The limited supply of ventilators is one of the chief concerns facing hospitals as they prepare for more COVID-19 cases. In Italy, where hospitals have been overwhelmed with patients in respiratory failure, doctors have had to make difficult life-or-death decisions about who gets a ventilator and who does not.
In the U.S., emergency plans developed by states for a shortage of ventilators include using positive airway pressure machines — like those used to treat sleep apnea — to help hospitalized people with less severe breathing issues.
While that measure could stretch the supply of ventilators and save lives, it has a major drawback. Officials and scientists have known for years that when used with a face mask, such alternative devices can possibly increase the spread of infectious disease by aerosolizing the virus, whether used in the hospital or at home.
Indeed, that very scenario may have contributed to the spread of COVID-19 within a Washington state nursing home that became ground zero in the United States.

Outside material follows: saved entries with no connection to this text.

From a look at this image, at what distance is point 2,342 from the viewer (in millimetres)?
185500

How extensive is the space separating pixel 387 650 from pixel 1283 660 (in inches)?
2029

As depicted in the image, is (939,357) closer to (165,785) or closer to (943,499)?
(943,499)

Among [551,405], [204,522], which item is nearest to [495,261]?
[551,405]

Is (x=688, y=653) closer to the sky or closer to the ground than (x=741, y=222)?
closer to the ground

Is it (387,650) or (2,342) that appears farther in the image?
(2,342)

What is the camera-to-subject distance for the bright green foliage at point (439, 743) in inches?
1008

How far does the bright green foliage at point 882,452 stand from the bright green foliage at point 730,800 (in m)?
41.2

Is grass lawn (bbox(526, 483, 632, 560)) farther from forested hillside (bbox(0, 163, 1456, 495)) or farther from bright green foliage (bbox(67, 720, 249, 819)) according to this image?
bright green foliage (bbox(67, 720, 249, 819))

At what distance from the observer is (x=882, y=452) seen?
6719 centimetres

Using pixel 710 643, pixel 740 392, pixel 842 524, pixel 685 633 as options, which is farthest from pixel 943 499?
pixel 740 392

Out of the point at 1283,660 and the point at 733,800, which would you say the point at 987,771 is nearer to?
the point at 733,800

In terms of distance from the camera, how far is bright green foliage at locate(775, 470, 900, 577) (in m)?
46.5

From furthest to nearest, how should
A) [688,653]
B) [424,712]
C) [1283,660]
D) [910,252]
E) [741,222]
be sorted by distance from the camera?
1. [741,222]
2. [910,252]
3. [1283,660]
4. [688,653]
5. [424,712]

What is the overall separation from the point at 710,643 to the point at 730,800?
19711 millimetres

First responders called to the Life Care Center of Kirkland starting Feb. 24 initially used positive airway pressure machines, often known as CPAPs, to treat residents before it was known the patients were infected with COVID-19.
“It’s best practice for us for people with respiratory illnesses,” said Jim Whitney, medical services administrator for the Redmond Fire Department, whose crews responded to the nursing home’s 911 calls. “We had no idea that we potentially had COVID patients there.”

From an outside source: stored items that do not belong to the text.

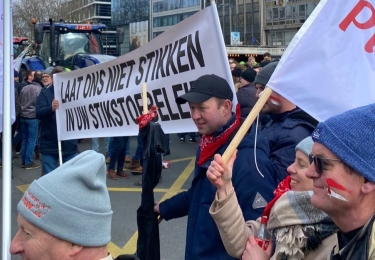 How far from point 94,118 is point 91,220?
8.37 feet

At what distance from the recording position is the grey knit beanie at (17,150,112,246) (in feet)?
5.57

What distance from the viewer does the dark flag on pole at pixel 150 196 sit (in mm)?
3049

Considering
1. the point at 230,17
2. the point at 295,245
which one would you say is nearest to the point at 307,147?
the point at 295,245

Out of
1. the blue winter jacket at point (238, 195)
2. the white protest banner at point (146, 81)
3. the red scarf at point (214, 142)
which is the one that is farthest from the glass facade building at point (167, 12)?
the blue winter jacket at point (238, 195)

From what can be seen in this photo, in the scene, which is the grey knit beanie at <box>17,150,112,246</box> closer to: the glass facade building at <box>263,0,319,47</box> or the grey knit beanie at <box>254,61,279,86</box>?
the grey knit beanie at <box>254,61,279,86</box>

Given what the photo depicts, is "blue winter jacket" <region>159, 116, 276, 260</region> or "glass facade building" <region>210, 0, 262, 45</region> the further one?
"glass facade building" <region>210, 0, 262, 45</region>

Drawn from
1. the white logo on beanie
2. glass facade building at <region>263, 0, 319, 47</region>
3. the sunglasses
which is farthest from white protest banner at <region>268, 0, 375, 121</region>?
glass facade building at <region>263, 0, 319, 47</region>

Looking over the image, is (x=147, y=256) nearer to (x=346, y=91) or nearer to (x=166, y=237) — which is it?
(x=346, y=91)

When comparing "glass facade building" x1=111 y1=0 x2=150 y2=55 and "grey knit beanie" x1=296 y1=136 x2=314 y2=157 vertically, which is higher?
"glass facade building" x1=111 y1=0 x2=150 y2=55

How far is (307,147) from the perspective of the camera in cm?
224

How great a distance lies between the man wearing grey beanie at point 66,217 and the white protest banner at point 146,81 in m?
1.41

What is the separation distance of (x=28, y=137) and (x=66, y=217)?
7.94 metres

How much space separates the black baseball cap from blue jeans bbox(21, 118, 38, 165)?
690 centimetres

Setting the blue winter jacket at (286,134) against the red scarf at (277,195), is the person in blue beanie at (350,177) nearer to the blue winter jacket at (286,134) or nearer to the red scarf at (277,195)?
the red scarf at (277,195) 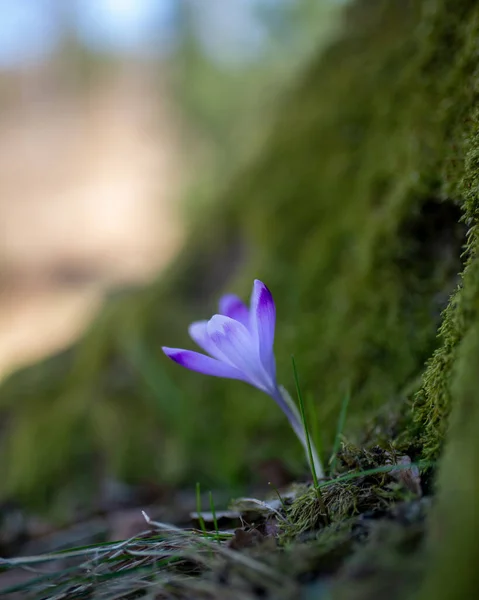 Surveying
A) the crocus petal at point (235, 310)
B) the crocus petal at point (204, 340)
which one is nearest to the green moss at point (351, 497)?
the crocus petal at point (204, 340)

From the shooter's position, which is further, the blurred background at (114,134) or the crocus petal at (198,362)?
the blurred background at (114,134)

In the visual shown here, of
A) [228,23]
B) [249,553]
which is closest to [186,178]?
[228,23]

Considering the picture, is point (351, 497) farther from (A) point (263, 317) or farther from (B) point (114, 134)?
(B) point (114, 134)

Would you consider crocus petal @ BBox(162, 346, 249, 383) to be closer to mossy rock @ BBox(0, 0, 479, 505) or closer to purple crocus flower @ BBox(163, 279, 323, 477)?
purple crocus flower @ BBox(163, 279, 323, 477)

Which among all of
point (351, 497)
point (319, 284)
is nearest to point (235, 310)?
point (351, 497)

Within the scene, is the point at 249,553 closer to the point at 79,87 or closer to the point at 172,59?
the point at 172,59

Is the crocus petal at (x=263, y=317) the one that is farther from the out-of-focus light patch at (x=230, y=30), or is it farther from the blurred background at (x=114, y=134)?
the out-of-focus light patch at (x=230, y=30)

It was only later that King County public health officials advised Redmond Fire and other first responders in the region not to use those machines for patients suspected of having COVID-19 infections. Whitney said responders were using the machines with specialized filters, which can reduce the amount of virus released. But county public health authorities recommend that first responders avoid using CPAP machines altogether. Redmond Fire has now discontinued use of CPAPs for COVID patients.

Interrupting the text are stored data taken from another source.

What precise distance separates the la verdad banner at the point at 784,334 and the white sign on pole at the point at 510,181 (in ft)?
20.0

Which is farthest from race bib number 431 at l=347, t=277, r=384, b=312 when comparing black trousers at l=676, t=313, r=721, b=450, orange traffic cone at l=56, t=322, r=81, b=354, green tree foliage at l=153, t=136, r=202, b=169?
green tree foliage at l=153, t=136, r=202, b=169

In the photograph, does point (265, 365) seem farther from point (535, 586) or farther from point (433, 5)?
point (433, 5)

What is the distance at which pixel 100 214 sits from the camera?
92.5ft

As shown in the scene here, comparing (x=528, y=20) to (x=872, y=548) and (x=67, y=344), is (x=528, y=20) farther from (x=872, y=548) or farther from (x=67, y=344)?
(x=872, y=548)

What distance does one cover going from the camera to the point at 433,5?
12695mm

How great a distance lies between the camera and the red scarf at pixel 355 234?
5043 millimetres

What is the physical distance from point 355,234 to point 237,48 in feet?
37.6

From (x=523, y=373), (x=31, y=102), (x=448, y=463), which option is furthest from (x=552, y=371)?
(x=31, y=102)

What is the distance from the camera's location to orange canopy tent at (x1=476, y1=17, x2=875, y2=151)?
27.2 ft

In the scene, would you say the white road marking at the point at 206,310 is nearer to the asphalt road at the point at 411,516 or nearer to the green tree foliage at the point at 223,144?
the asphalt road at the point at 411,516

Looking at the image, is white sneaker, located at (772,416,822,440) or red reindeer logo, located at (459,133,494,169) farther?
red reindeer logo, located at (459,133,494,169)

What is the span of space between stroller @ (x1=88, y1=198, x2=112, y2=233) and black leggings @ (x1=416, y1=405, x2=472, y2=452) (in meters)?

“It’s truly out of an abundance of caution for our people and for the community that we put it on the back shelf, unless we can confirm it was the best use for our patient,” Whitney said.
The misstep represents a classic example of how the health care system is playing catch-up in its effort to deal with the rapidly escalating pandemic, and how critical information about combating the novel coronavirus can be slow to reach those on the front lines.
The American Society of Anesthesiologists issued guidance on Feb. 23 discouraging CPAP use in COVID-19 patients — advice largely informed by experience with the SARS epidemic in 2003. Studies dating to 2003 suggest that such devices can pump viruses into the air, potentially increasing the spread of a contagious disease.
During the SARS outbreak in Toronto, half of all SARS cases, including three deaths, occurred among health care workers. Some of the greatest risk arose when doctors and nurses were exposed to aerosolized virus through the use of positive airway pressure machines or other respiratory therapy devices.
The experiences from the Life Care Center of Kirkland now have doctors rethinking their strategies when faced with ventilator shortages, and their advice to first responders about using CPAP machines in the field.